Commercial roofer

At Work

The man in charge stays well clear of the edge when it's 20 stories high

Working

April 25, 2007|By Nancy Jones-Bonbrest | Nancy Jones-Bonbrest,Special to the Sun

Kenneth Benner

Superintendent of the service department

Magco Inc., of Jessup, a division of Tecta America Corp.

Salary --$65,000, plus bonuses

Age --44

Years on the job --15

How he got started --Benner worked various positions at Safeway for 14 years. During a companywide contract negotiation Benner was let go and needed to find a new job. He interviewed at Magco at the suggestion of a neighbor and was hired to work as a commercial roofer. He spent two years on a crew constructing roofs and then was promoted to the service department as foreman and later superintendent.

Typical day --The day starts at 6 a.m. and doesn't finish until the job is done. As superintendent, he oversees a department that deals with repairs and maintenance of commercial roofs. He must meet with clients to discuss the scope of the job. This includes measuring roofs, taking photographs and sizing up safety issues. Benner puts a package together detailing the work, which is sent to a service manager, who estimates a price and sends it off to the client. Much of this work is about sales, which Benner said he enjoys.

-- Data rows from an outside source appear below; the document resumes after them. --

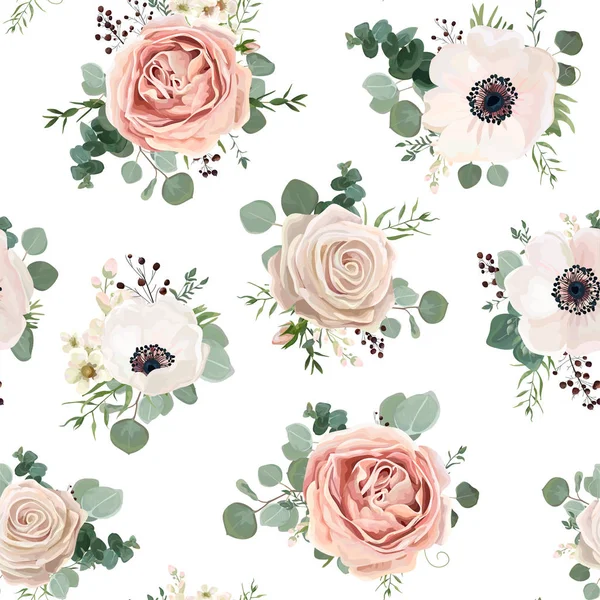 Naadloze patroon Vector floral aquarel stijl ontwerp: tuin poeder wit roze Anemone bloem zilveren Eucalyptus tak groene tijm wax bloemen groen laat berry. Rustieke romantische achtergrond afdrukken — Stockvector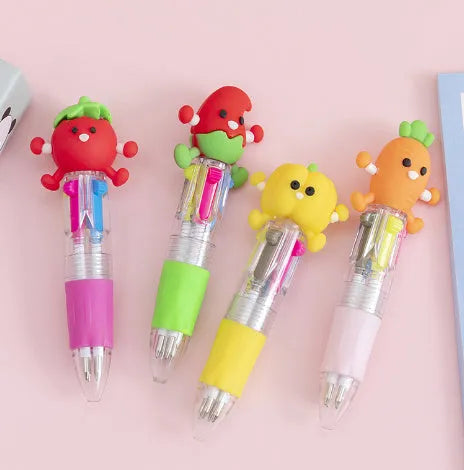 Cartoon print press ballpoint pen showing four-colour design options including cactus, fast food, and heart wings.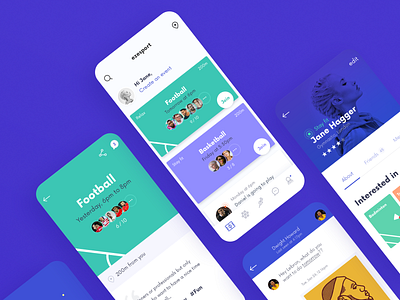 Sport Mobile App UI Screens app blue branding clean design design idean illustration interaction interface sketch sport ui ui screens user interface ux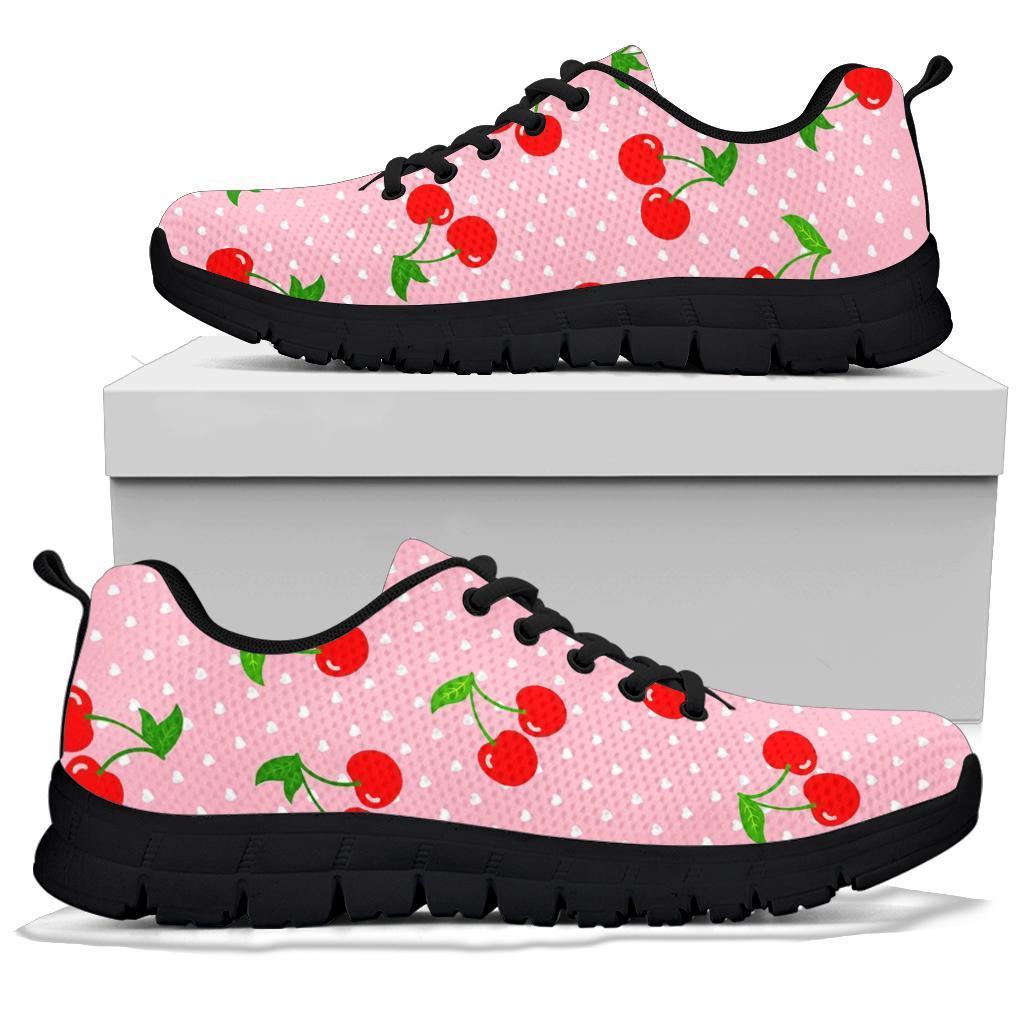 Cherry Heart Dot Pattern Print Sneaker Shoes For Men Women-grizzshop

He oversees seven two-man crews who make various service repairs. The company's area includes all of Maryland and beyond if needed. He currently has crews in Delaware and Bermuda. If a job is running behind or if extra help is required to finish a job, Benner will pitch in.

Fear of heights --Only when he started. The first roof Benner worked on was 18 stories high. He said it took about six months to become comfortable on rooftops. "You kind of get used to it. You have no choice."

Safety --Magco works on commercial and industrial roofs exclusively. Most of these roofs are flat, which, Benner says, are typically less dangerous than residential roofing, where you are working on a pitch. Even so, safety is a top priority. "Some [of these roofs] are 20 stories in the air and you can walk right off the edge if you're not careful."

Green roofs --The company has a "green" roof division, which focuses on designing rooftop, plant-filled gardens that offer environmental benefits. Benner says he is getting more acquainted with green-roof technology as it becomes more popular.

Jobs he worked on --The National Aquarium and the Baltimore Convention Center.

Finding leaks --Some are more difficult than others. With many flat roofs, the leak is easy to spot and patch. Others are more difficult, like roofs layered with rocks. The rocks must be removed before the leak can be identified.

Grueling work --Benner said you have to be up to the challenge to be a roofer. "You need to be in shape. You need to be ready to do this because it is very hard work."

The good --"Being outside and interacting with a lot of different people."

The bad --"Keeping track of everything you have going on at one time."

Philosophy on the job --"Work smarter, not harder."